The mysteries of the universe lie not in tides but in wedding rings on strangers. The moon controls the tides, the water cycles purposefully, the rhythms never change. How the fuck do people find each other? How did you find me?
Carl Sagan set the contents of our planet free and then fell in love. I wonder which he considered his greatest achievement. I’m afraid of whales and I think the ocean is too large. I cry when anyone mentions Auschwitz. The universe of things I don’t understand is comically vast, but I’ve seen Chicago at least thirty times and I think you might not mind that.
Everything I write now is a love letter I’m too embarrassed to send. One day I’ll press them into your skin, set them free against the crook of your neck. They’re yours, after all, no matter how much I blush when I offer them over.
“I’m not one for writing love poetry,”
but I’d let you put violets in my hair.
CCCXXVIII. for my brother, who does not have cancer
the human body is resilient; in 1997 i slapped you in our living room, your chubby cheek reddening from the force, and i hated the tears in your eyes — blameless. i wanted you to fight back.
i didn’t know i’d one day come across you sleeping, too-long legs slung over the end of the couch, and that i’d stand there, in awe of the stubble along your jaw, and wonder if the skin there remembers the red mark that bloomed beneath my palm.
i am sorry that i disappeared without knowing yet what it meant to be your sister. you’ve understood love the way a body knows to breathe; spilling it over everyone you met, offering to great aunts that same cheek for red lipstick roses where i could only flinch out of their reach.
it took me longer; you have legs too long for the couch, and you could flinch out of my reach, and sometimes you do and that’s okay because i like to think i’d step in front of a moving bus, a bullet, but sometimes i screen our mother’s calls from two hundred miles away, despite knowing that you will have to hold what i refuse to take.
so this is my promise:
i will take her calls
i will plan the funerals
i will always come when you call
and i will always love you
without provisions, without qualifications,
just the way you taught me
I don’t understand sports and you’ve never seen The West Wing, and that was a joke until it wasn’t, until it was a question I was asking myself, alone on the couch on Sunday evening.
I am not okay -
I don’t know why.
(But I know this: I do not want to spend my life getting out of bed to find and rescue you.)
(Also this: I would, anyway.)
You are not okay -
and there is nothing I can do about it.
(Nothing is on fire. There is no flooding to be stopped.

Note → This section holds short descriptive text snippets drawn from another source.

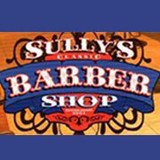 Sully's Barber Shop- Voted the Best Barbershop by East Valley Tribune - Barbers in Mesa
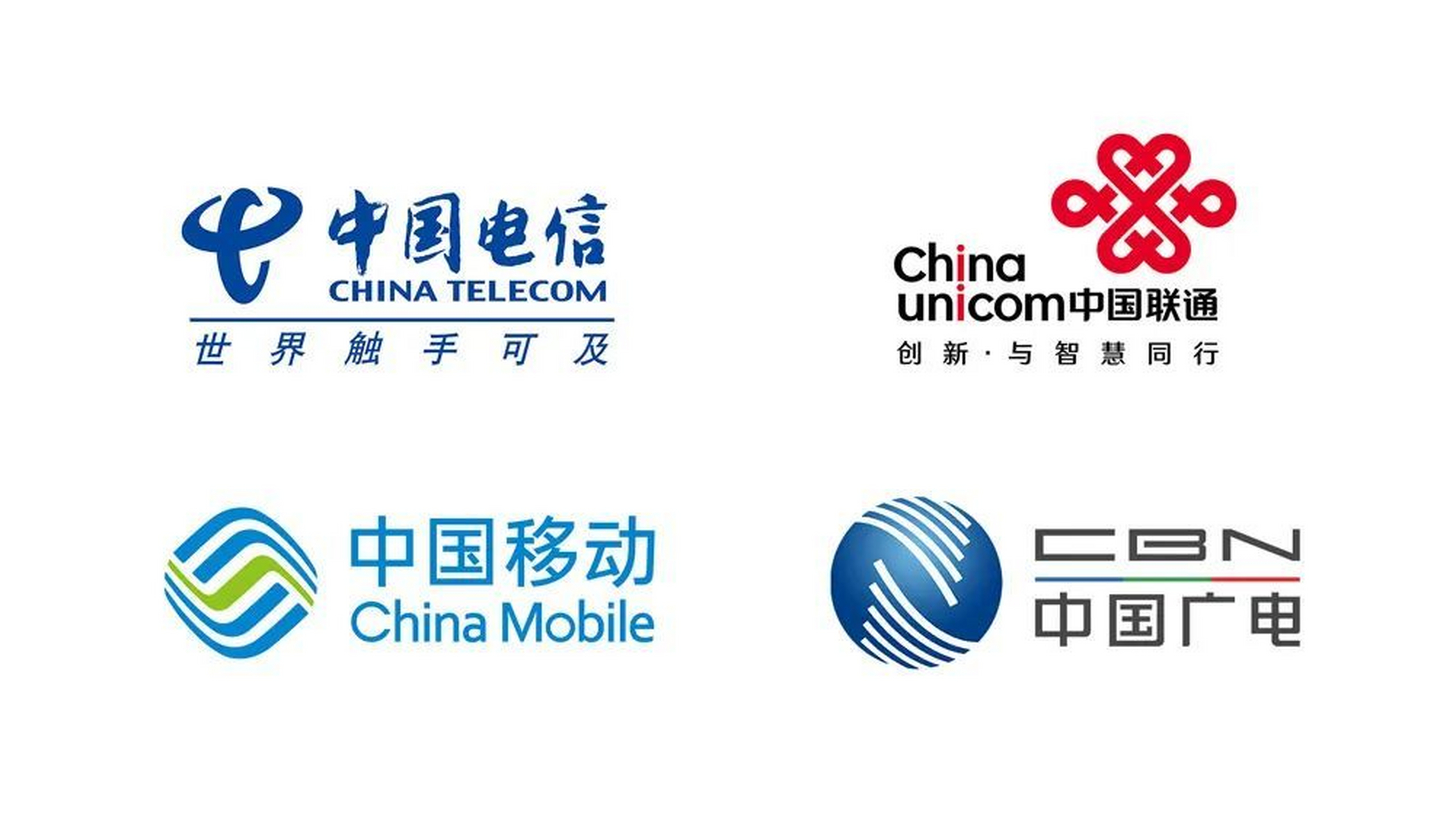 國光量子推出 5G 通信模組，支持國內(nèi)四大運(yùn)營商
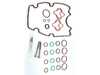 ES#4609041 - 10.214 - SMG Pump Complete seal kit - Includes seals for a complete SMG pump rebuild - MLR Engineering - BMW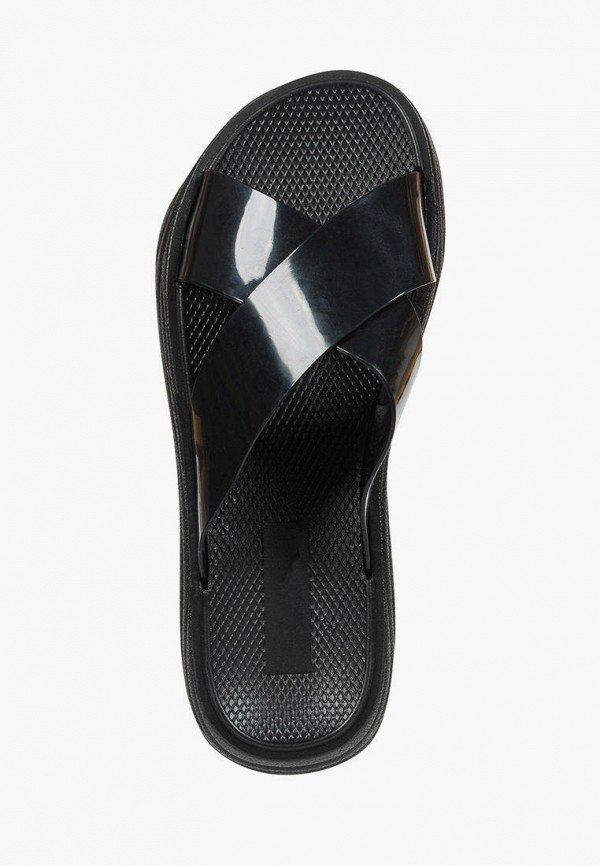 Mursu Сланцы - фото 4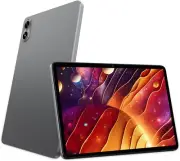 12" Tab Android 13 Tablets 16GB RAM+128GB ROM Google 7000mAh 5G WIFI 8Core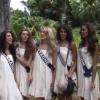Les Miss France jouent "l'envie" l'un des sept péchés capitaux avant le grand soir de l'élection Miss France 2013 le samedi 8 décembre 2013 sur TF1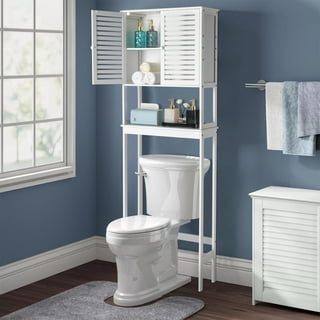 https://i5.walmartimages.com/seo/Bathroom-Over-The-Toilet-Storage-Cabinet-Bamboo-Organizer-2-Doors-Inside-Adjustable-Shelf-Open-Shelf-Freestanding-Rack-Laundry-Hotel-Restroom-White_b24af1fe-1c13-406b-bdc1-40f6387bc751.41b1e2c24ead348a91251c704db150ca.jpeg?odnHeight=320&odnWidth=320&odnBg=FFFFFF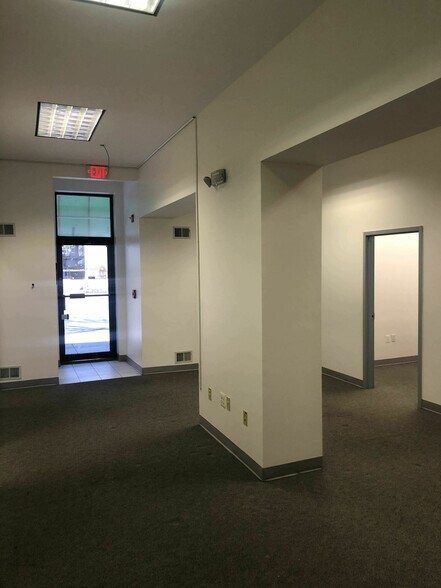 More Photos Of 4300-4304 Georgia Ave NW, Washington Storefront For Lease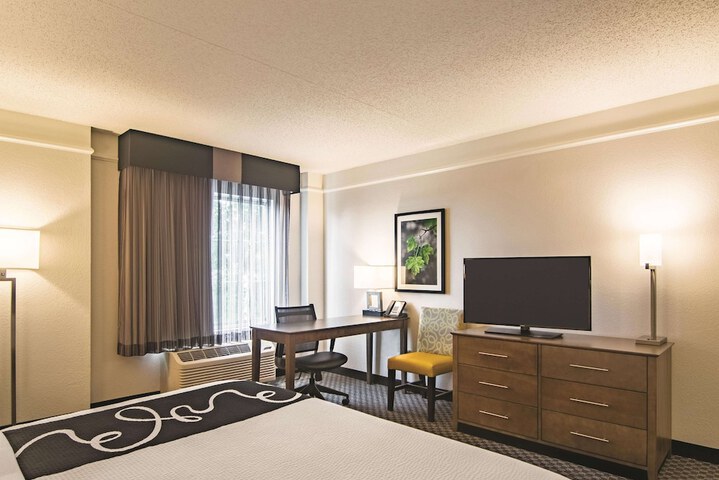Room 42 of 54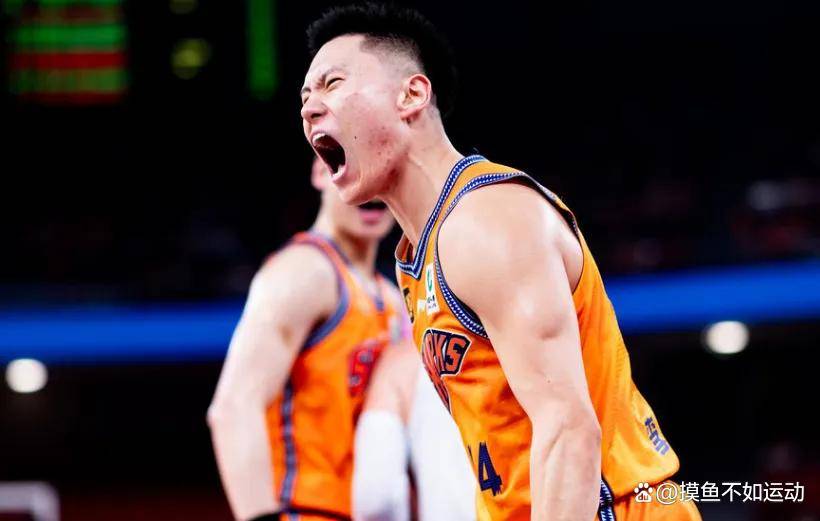 包含CBA常规赛赛程吃紧，里昂转会期单刀错失，态度坚定，赛程密集仍需轮换的词条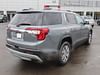 4 thumbnail image of  2020 GMC Acadia SLT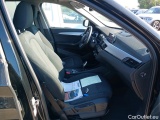  Bmw  X1 BMW  / 2019 / 5P / todoterreno sDrive18dA Corporate #6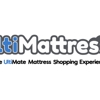 Ultimattress gallery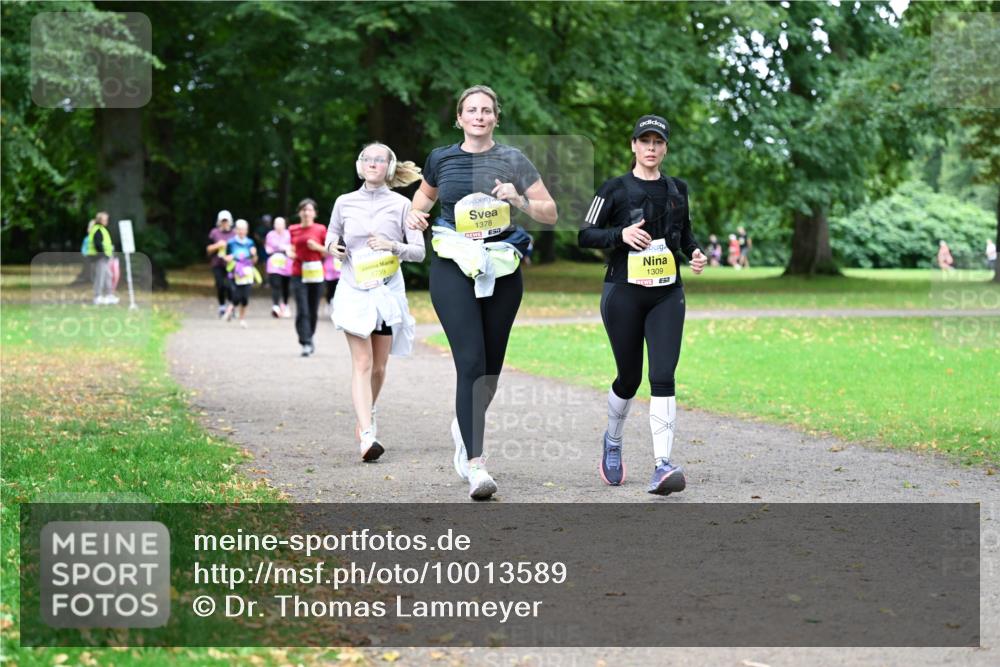 30.08.2026 - Blankeneser Heldenlauf Dr. Thomas Lammeyer http://msf.ph/oto/10013589 30.08.2026 09:44:33 Laufen 1378, 1309 meine-sportfotos.de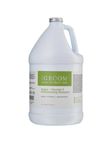 Szampon dla psa Igroom Argan Vitamin E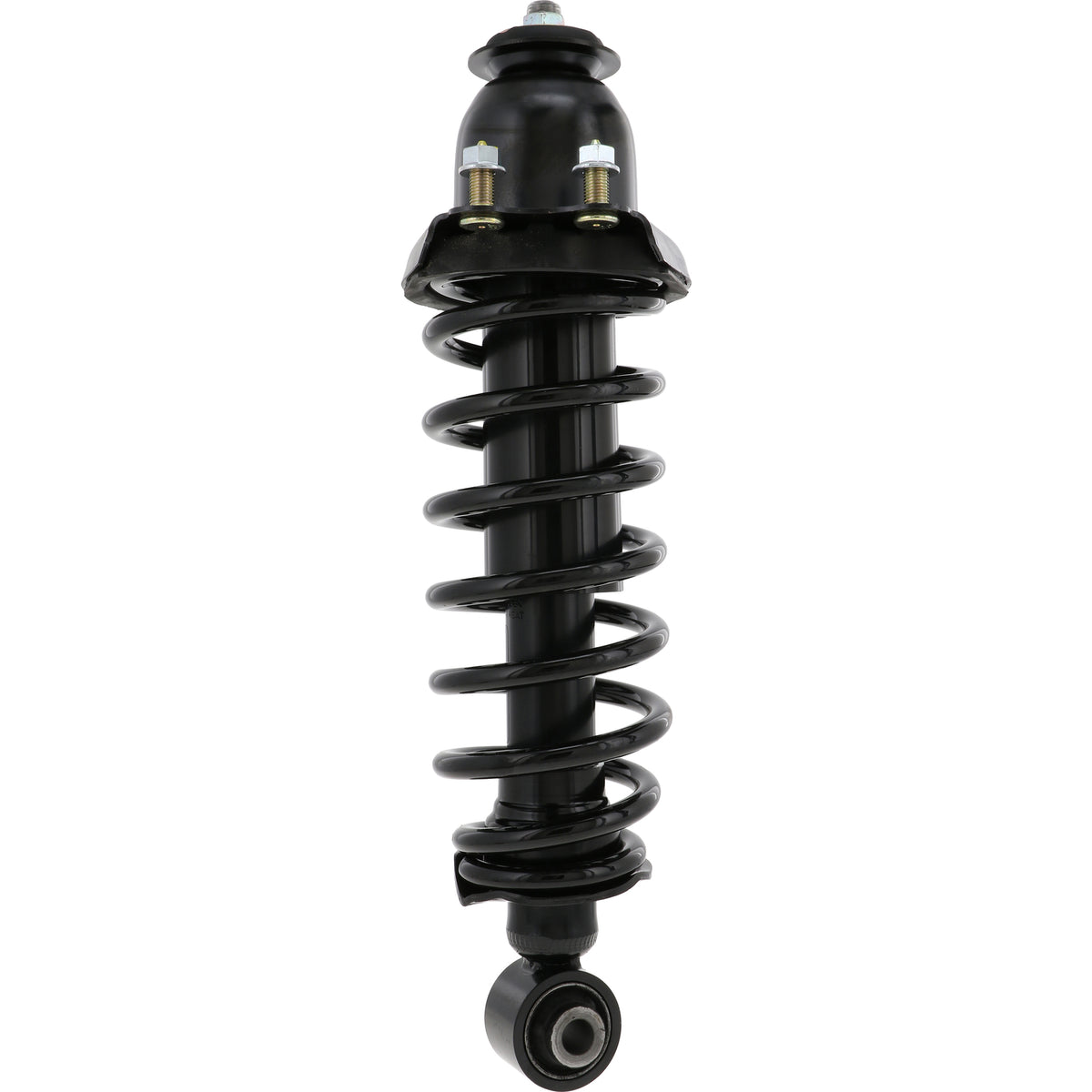 KYB Strut-Plus Strut-Plus - SR4583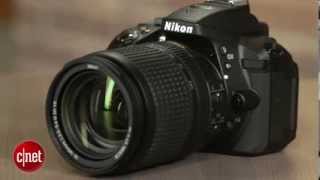 ► Nikon D5300 Review: Check This Before You Buy! | Best Gift For Men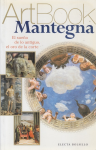 Mantegna vignette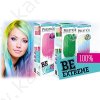 Бальзам оттеночный для волос 33 Конфетно-розовый BeEXTREME 100% vip’s PRESTIGE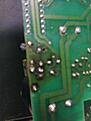 Click image for larger version

Name:	Rear section closeup 1.jpg
Views:	105
Size:	539.7 KB
ID:	1953610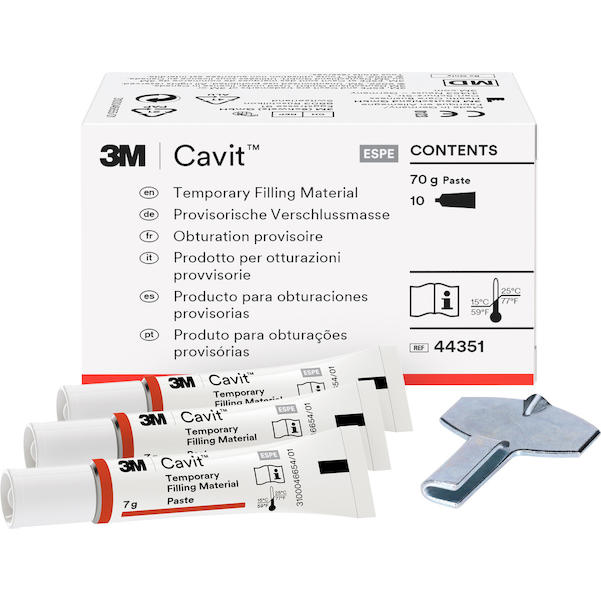 Cavit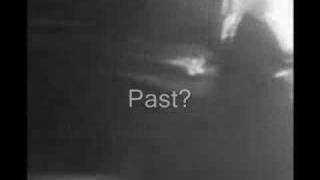 Life and how to live it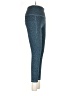 Athleta Blue Active Pants Size XS - photo 4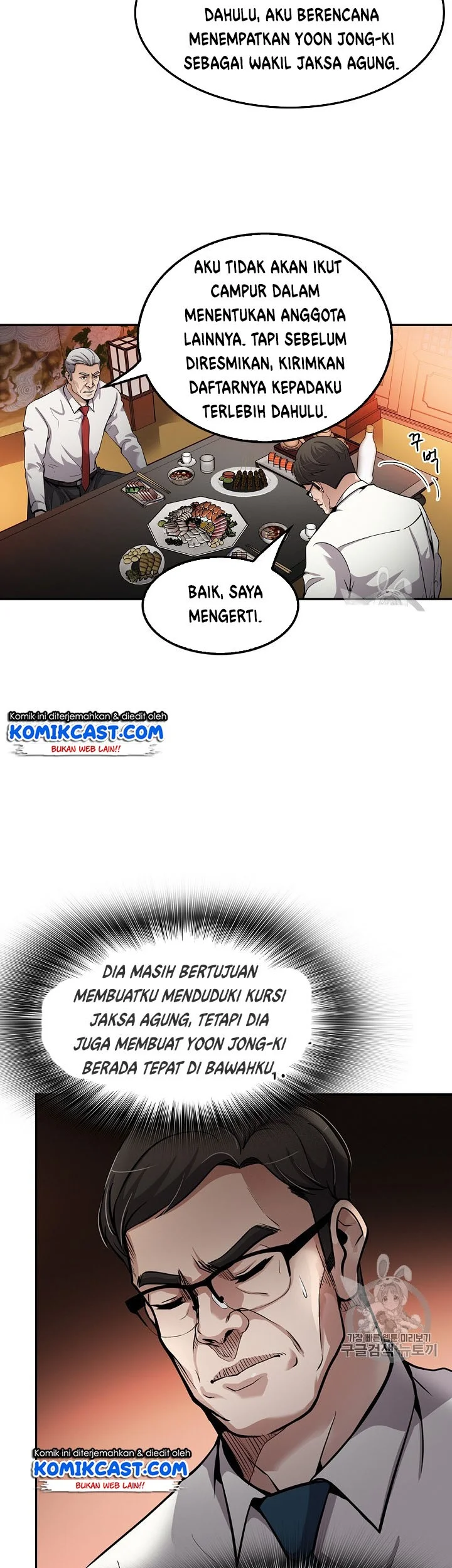 Chapter 91 - halaman 50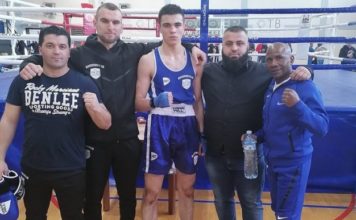 Šest medalja za boksere Novog Pazara sest-medalja-za-boksere-novog-pazara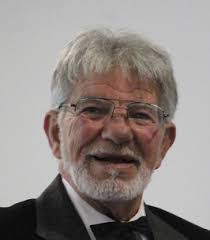 Ron Sikes's Instagram, Twitter & Facebook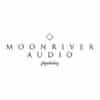 Moonriver Audio Logo Web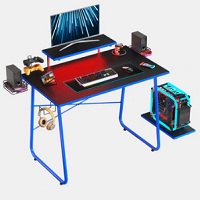 Bestier: Up to 30% OFF on Selected Gaming Products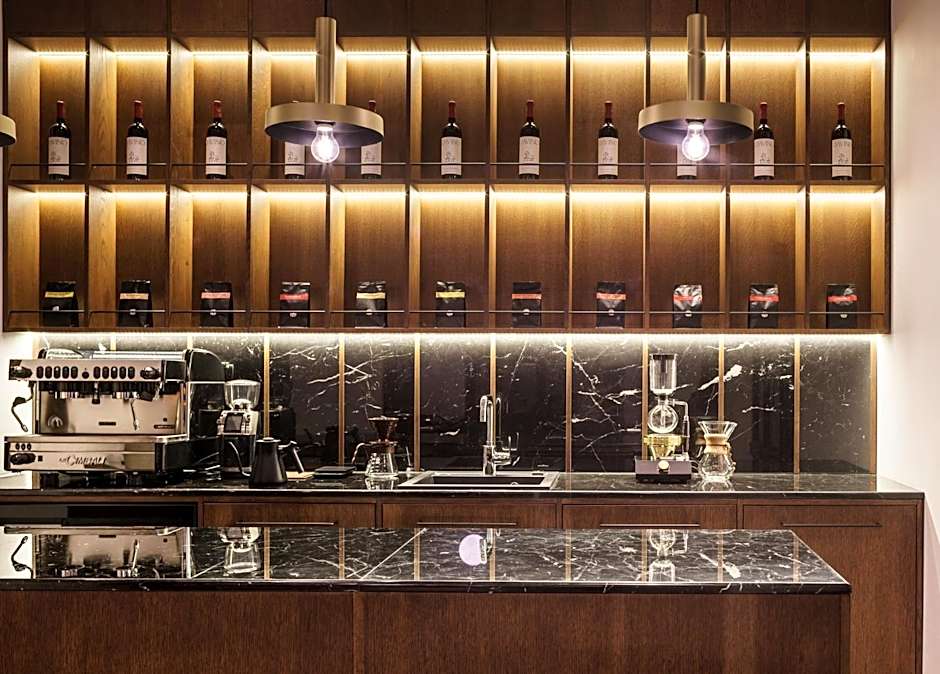 Casa Popeea Boutique Hotel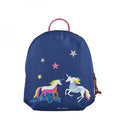 Micro Unicorn Backpack XS AC4662 In preparation Your Sports Performance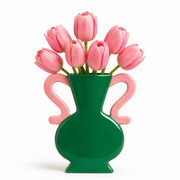 Vase ROMAN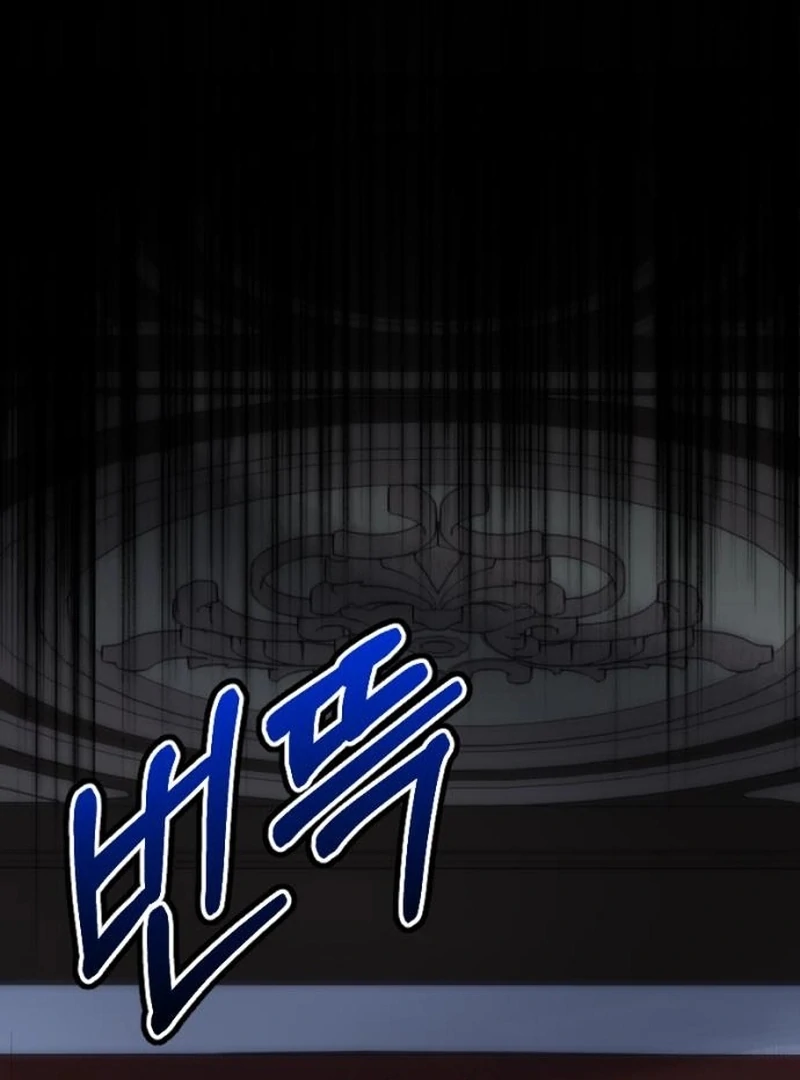 Shadow in Paradise chapter 6 page 98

The unsexy emergencies of everyday life are the ones without handbooks.)
Instead, I think I’ll drink a lot of tea and
let the warmth be enough to make me feel like
there’s not a hole in these sweatpants and
I can love anyone
i used to know how to talk about my father.
now instead, i sit quietly and imagine that i can put my hands on my brother’s face, kiss his forehead, watch him be okay. but he’s too tall to reach and he flinches from my gaze.
and he is not okay, probably.
(there’s something inherently selfish about thinking that simplicity, that the ease of waking up on a threadsun morning and turning your face to the window, could be what leads to happiness. no, happiness is already there, waiting.
there’s something inherently selfish, too, about being 200 miles away from sadness. but we don’t think about that.)
the first words ever spoken on a telephone were “come here—I want to see you”, and that’s all we’ve said since. alexander graham bell knew: there is no substitute for touch.
i won’t call.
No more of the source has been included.